And so she did, tossing a catnip mouse until the young cat was exhausted. By then, Dulcie had calmed down enough to grade the papers she'd gone through so much trouble to reclaim. It was after two by the time she finished, and by rights she should have gone to sleep. After her various labors, however, she couldn't help but feel that she deserved a treat. Calling Chris was always an option – he'd be awake and at his terminal till seven. But Dulcie didn't want to confess that she had gone out alone so late, and unless she did that she certainly couldn't explain what had frightened – no, alarmed – her so. Agitated, that was more like it. The empty office had just been so quiet. And the howls, well, nobody likes to think of a dog in pain, and that was what it must have been. None of it any reason for her to disturb her boyfriend at work. Not when it might worry him. And so she got into bed – with her laptop – planning on reading just a little more of the recovered text.

'Esmé, want to read with me?' She called for the cat, who was batting at something – Dulcie really hoped it wasn't a bug – in the corner. 'It'll be fun.'

The cat simply twitched an ear, letting Dulcie know she'd had her fill of her, and so Dulcie started to read.

Fierce as the wind were the cries that rent the night. Foul and fearsome Voices rang from unearthly throats, wailing like the very hounds of Hell, they called to her, hailing her and keeping pace e'en as the coach raced forward, tossed like a Ship in a Storm, the horses white-eyed and screaming as the coachman whipped them on, breathless with panic, as were they all.

Daring a glimpse, she had pushed back the curtain and seen them, the foul demonic Beasts. Undaunted by the storm, as the flash of lightning rent the night, the glare of light revealed the sable tossl'd pelts, the glowing eyes.
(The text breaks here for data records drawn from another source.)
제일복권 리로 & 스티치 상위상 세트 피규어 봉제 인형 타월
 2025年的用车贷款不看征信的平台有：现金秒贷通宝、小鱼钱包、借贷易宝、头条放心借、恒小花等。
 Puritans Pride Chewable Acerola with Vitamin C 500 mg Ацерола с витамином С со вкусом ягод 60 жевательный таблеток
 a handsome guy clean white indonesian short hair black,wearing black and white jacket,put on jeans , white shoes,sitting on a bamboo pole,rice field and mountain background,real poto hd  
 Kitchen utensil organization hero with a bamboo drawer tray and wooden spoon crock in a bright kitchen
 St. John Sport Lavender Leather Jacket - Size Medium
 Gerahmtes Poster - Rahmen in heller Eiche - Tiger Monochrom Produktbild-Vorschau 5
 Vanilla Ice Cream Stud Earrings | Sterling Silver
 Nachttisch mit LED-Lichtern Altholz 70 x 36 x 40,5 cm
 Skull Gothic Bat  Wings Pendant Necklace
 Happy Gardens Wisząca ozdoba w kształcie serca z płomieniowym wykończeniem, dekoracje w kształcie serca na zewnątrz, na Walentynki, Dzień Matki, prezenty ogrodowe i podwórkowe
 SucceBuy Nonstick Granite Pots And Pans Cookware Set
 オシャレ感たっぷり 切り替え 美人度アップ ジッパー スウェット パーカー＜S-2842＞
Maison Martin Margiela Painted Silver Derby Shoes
One damned Beast pursuing caught her glance with an eye o'er shot with Blood, and turning toward her visage e'en as she closed the curtain with hands that trembled, howled anew.

No wonder she'd been spooked. At least the woman had made it into the carriage. In the last passage, the heroine had been fleeing an evil stranger, leaving behind the relative safety of an inn for the crossroad where she faced the stormy night alone. Until the strange carriage had picked her up, anyway, just as the wolves had started howling.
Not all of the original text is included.